The five-year extension of the 30% ITC is one of the key drivers and most critical federal policy mechanisms to support US solar deployment to date.
“The ITC is an important economic benefit to the industry, and makes solar possible for many more customers than would otherwise be possible,” says Thomas Plagemann, executive vice president and head of capital markets at Vivint Solar. “The extension was critical in maintaining economics across our current markets while we continue to focus on reducing cost per watt and extend the reach of those markets. Not only does it provide the ability to continue to efficiently finance our self-owned systems through our tax equity partnerships, but it also provides an important economic benefit to homeowners.”
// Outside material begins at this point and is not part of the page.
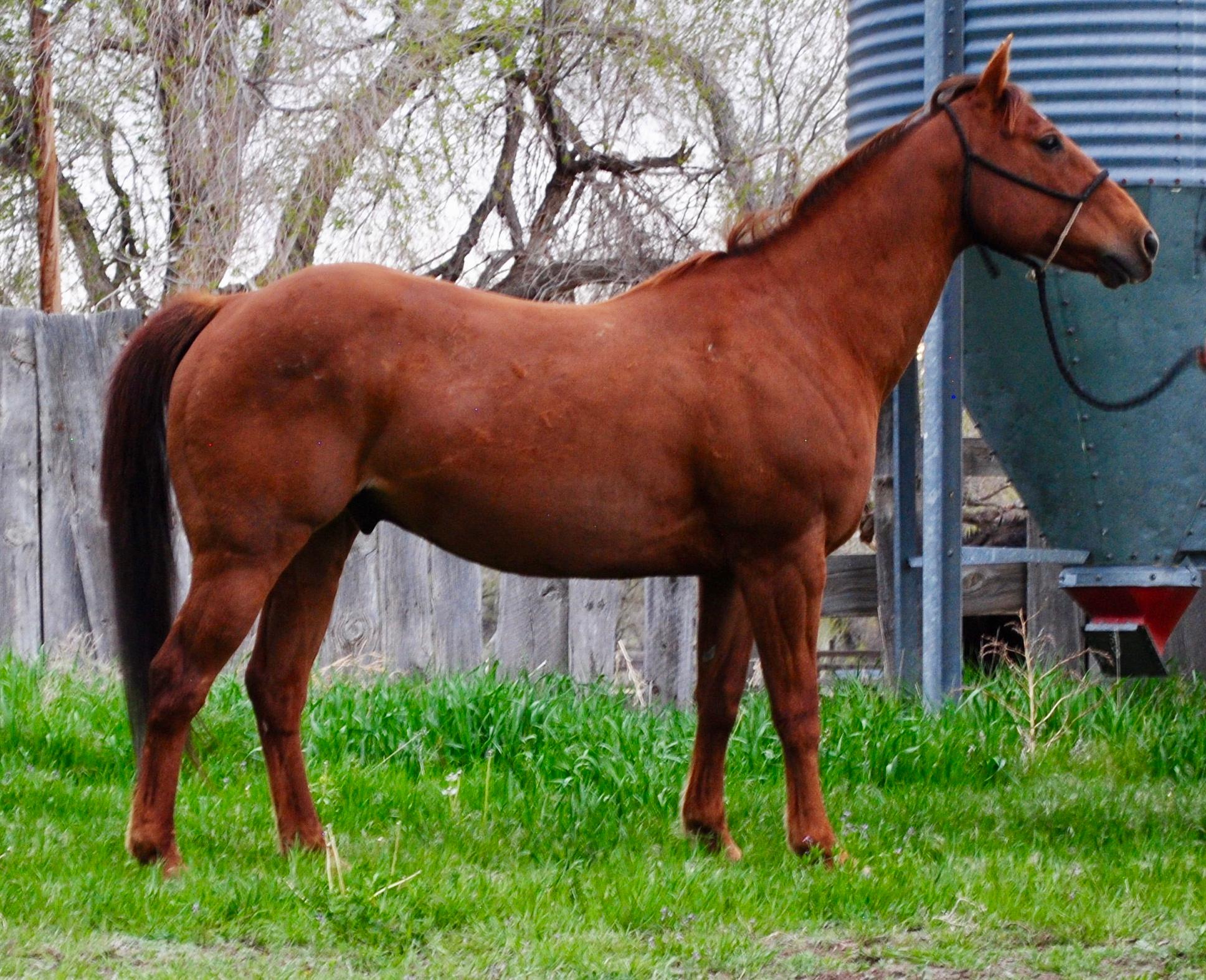 TT Fast N Furious-12 y/o AQHA Gelding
In the residential and commercial segments, the ITC has driven installation growth by more than 1,600% since its initial implementation in 2006, according to the SEIA, at a compound annual growth rate of over 76%.
“Hopefully over the next few years we can move into a post-ITC world,” says Kevin Prince, senior director, business development at NRG Energy. Whilst it is undeniable that a lot of the procurement in the commercial sector is driven by the ITC extension, which not only gives consumers the certainty to pursue projects but also the opportunity to realise immediate savings on their energy bill and hit sustainability targets, it was never intended as a sustainable driver in the first place. And whilst the extension certainly prolonged the lead-time on a number of projects that were stampeding to a close prior to an end-2016 expiration, once that pressure was off, the market settled back into regular deal cycles. Therefore, the tax credit extension turned out not to be the main event and bumper 2016 deployment will be a little more measured.
“The ITC extension was critical in maintaining economics across our current markets while we continue to focus on reducing cost per watt and extend the reach of those markets”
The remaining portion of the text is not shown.